My husband and I were walking a friend to her car near the University of Arizona one evening. It was nearing dusk and the sidewalks and streets were busy. We said goodbye and turned to walk toward our own car. I don’t know what made me see the boy across the intersection, but he stood out to me. Something seemed off.

I watched the boy cross the street with other pedestrians, just as anyone would. He had a backpack on and was walking with purpose. He seemed just 8 or 9, but wasn’t with anyone. I pointed him out to my husband, and we concluded the boy was fine, that I was being paranoid.

And yet, I couldn’t let it go. We watched him walk down a block. Just as I was dismissing it as neurotic, he turned down an alleyway. I had to know he was ok, so we crossed the street and headed toward the alley. As we approached, the boy emerged and began walking the way he had been headed.

I looked at my husband and said, “Something is wrong.”

I approached the boy, walking at pace with him. He was talking quietly to himself and seemed agitated. He would not make eye contact with me. I told him my name and asked him his. “Michael,” he said. I asked if he needed help and he replied he was going home. I asked if he knew his address and he replied that he was looking for the billboard by his house was and couldn’t remember where it was. I immediately signaled my husband, who called 911.

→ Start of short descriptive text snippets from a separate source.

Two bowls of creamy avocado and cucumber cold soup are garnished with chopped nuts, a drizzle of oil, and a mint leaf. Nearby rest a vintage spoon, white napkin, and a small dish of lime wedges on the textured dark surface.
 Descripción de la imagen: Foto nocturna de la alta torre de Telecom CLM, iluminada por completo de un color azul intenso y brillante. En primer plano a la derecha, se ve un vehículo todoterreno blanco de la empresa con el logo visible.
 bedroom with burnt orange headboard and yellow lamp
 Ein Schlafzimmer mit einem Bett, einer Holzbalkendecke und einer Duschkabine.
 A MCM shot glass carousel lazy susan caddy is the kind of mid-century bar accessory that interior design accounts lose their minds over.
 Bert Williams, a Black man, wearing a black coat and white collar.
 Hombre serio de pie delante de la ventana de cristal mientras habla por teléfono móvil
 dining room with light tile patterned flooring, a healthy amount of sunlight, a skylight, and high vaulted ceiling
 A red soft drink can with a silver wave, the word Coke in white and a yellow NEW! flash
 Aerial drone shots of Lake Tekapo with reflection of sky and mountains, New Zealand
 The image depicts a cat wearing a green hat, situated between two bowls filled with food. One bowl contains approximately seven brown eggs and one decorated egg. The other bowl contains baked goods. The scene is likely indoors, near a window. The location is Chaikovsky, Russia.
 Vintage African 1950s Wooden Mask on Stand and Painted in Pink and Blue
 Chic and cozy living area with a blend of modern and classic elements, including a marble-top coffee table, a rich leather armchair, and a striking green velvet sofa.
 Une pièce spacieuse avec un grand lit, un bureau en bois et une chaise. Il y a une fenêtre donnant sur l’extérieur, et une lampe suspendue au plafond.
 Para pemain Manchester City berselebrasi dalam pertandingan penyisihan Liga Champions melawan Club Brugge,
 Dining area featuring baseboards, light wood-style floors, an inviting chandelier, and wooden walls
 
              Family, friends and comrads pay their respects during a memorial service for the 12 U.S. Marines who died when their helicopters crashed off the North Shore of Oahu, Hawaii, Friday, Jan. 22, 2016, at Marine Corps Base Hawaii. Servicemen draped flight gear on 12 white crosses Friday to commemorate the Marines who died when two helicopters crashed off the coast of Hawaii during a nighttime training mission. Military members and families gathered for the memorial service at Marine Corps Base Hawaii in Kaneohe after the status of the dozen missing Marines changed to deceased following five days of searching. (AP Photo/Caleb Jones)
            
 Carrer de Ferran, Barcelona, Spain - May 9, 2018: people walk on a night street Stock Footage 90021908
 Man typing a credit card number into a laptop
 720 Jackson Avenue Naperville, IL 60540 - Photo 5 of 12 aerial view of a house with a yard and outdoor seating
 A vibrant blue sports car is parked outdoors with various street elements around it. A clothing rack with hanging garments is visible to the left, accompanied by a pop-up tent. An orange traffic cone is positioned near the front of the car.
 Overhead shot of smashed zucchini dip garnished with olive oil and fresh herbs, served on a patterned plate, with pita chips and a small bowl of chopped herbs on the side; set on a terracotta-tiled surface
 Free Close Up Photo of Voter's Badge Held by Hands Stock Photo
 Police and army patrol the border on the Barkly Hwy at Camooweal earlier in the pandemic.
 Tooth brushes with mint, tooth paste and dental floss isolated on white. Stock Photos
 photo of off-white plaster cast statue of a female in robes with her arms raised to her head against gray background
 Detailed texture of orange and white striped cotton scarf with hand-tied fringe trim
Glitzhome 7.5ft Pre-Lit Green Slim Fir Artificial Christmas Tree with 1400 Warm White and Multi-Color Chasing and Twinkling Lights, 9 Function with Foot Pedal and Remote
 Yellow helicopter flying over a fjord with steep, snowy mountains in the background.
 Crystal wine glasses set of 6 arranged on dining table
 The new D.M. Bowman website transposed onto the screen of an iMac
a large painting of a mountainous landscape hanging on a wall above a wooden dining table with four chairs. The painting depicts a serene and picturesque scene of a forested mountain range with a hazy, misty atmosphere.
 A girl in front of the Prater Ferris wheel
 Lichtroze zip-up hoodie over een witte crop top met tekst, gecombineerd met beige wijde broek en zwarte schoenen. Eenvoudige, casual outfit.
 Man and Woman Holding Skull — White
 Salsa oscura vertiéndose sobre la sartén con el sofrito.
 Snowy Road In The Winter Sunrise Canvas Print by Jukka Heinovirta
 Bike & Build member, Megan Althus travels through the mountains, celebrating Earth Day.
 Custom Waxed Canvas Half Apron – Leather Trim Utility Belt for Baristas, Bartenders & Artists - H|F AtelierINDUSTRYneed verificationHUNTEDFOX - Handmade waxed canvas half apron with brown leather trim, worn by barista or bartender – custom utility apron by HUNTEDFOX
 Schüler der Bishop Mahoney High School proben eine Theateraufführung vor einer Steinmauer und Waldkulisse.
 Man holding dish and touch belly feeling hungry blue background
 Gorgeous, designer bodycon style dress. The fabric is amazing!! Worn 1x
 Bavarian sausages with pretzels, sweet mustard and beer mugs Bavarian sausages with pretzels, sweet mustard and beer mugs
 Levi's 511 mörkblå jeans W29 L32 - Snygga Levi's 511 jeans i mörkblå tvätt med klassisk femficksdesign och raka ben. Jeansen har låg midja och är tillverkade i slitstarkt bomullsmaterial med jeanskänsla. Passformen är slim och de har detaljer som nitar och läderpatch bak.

Michael was nervous about the man walking behind us, so my husband backed up to give us space.

Michael began mumbling and rocking on his feet and became even more distressed. I tried to reassure him that even though we were strangers we weren’t going to touch him or make him go anywhere. I told him we were going to bring help to him so he could go home. I asked him where he was walking from and he said school. I asked him the name of the school and he told me. I knew the school; it was more than 2 miles away. He had been walking for hours. It was getting dark and he was scared.

I heard my husband describing what he was wearing to the 911 dispatcher. Within 30 seconds, a police car drove right up on the sidewalk, lights flashing. This pushed Michael to tears. I told him the officer was here to take him home, that he was here to help, that he wasn’t in trouble, that he was safe. There was no consoling him. The officer helped him into the car and told us Michael had been reported missing. He was a child with special needs and had walked away from his school. They had been searching for him for hours. And then they drove off. I never saw Michael again.

I cried then and I cry now, years later, every time I think of this child and all the what ifs. What if I hadn’t noticed him? What if he had kept going down that alley? What if I had just turned away?

For every Michael, for every Jayme, there may be more who no one notices, where everyone turns away. I will be forever grateful for that extra minute we took. Jayme’s return is a reminder to trust our instincts, take a moment, to look more closely.

Michael, wherever you are, I am so very glad you found your way home.